Paraphrased from the repo's readme: Suppose you have a program that consumes user input. Users often give bad input so the program needs to validate user input before acting on it. One way to validate is to call a function (e.g., `check_input`) on the user input and if it doesn't raise an error the input is safe for consumption by the rest of the program. The repo author considers this approach to be risky because the programmer can inadvertently omit or bypass `check_input` and the program still compiles and runs without complaint.
The repo presents an alternative validation approach, which is to parse the user input into a data type (or, not quite equivalently, into a class). The parsing process serves as validation. Consumer functions are written such that they only accept the parsed data type. Therefore it is now impossible for the programmer to inadvertently omit or bypass validation of user input.
The library is a set of convenience functions for actually writing these parsing / validation functions.
So in short: instead of representing user input (e.g. a Email address) as a string – which you can forget to validate – the idea here is to create a own data type for it, and use the validation step to create said data type.
The rest of your program then works with this data type instead of the string and this way you will get a type error whenever you accidentally use unvalidated data.
A nice idea that goes into a similar direction is to expand on this and create more types for different levels of trust.
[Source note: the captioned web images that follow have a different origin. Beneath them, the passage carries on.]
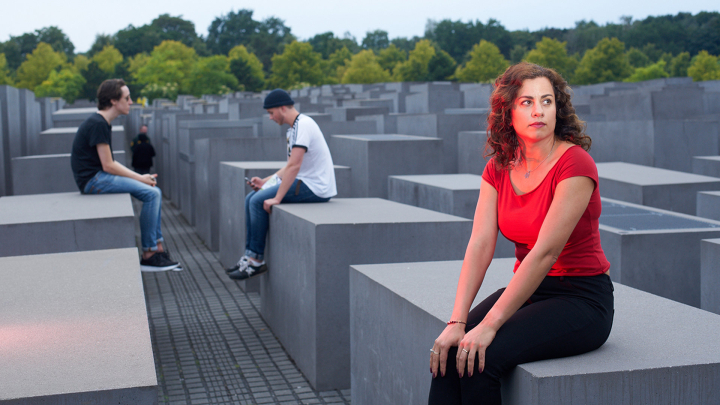 Orit auf dem Holocaust Mahnmal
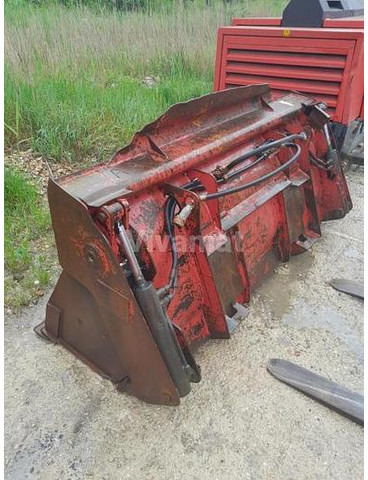 Caterpillar 908 - Bucket: picture 4 Caterpillar 908 - Bucket: picture 4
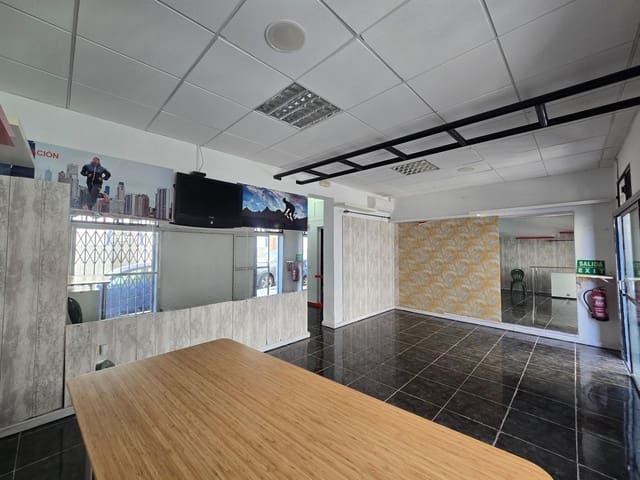 Local Commercial à louer à Mogán - 900 € (Ref: 9305165)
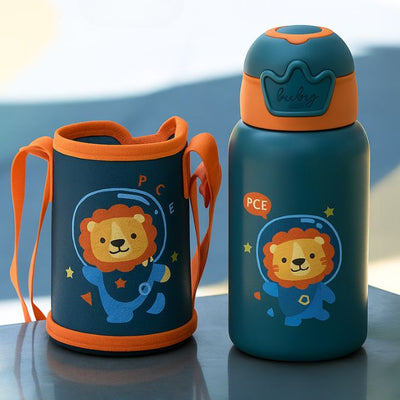 présentation de la gourde enfant bleu isotherme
E.g. you could have the data types ValidatedEmail, VerifiedEmail and TrustedEmail and define precisely how one becomes the other. This way your typesystem will already tell you what is valid and what is not and you can't accidental mix them up.
You can also further generalize this idea by noticing you can encode all kinds of life cycle information in your type system. As you transform some data in a sequence of steps, you can use types to document and enforce the steps are always executed in order.
In this example, the user input validation step is f(String) -> ValidatedEmail, then the process of verifying it is f(ValidatedEmail) -> VerifiedEmail. But the same principle can apply to e.g. append() operation being f(List[T], T) -> NonEmptyList[T], and you can write code accepting NonEmptyList to save yourself an emptiness check. Or, take a multi-step algorithm that gets a list of users, filters them by some criterion, sorts the list, and sends these users e-mails. Type-wise, it's a flow of Users -> EligibleUsers -> SortedEligibleUsers -> ContactedEligibleUsers.
And then, why should types be singular anyway? You should be able to tag data with properties, and then filter on or transform a subtag of them. This is the area of theory I'm not familiar with yet, but I imagine you should be able to do things like:
I'm sure there's a programming language that does that, and then there's probably lots of reasons that this doesn't work in practice. I'd love to know about them, as I haven't encountered anything like it in practice, except bits and pieces of compiler code that can sometimes propagate such information "in the background", for optimization and correctness checking.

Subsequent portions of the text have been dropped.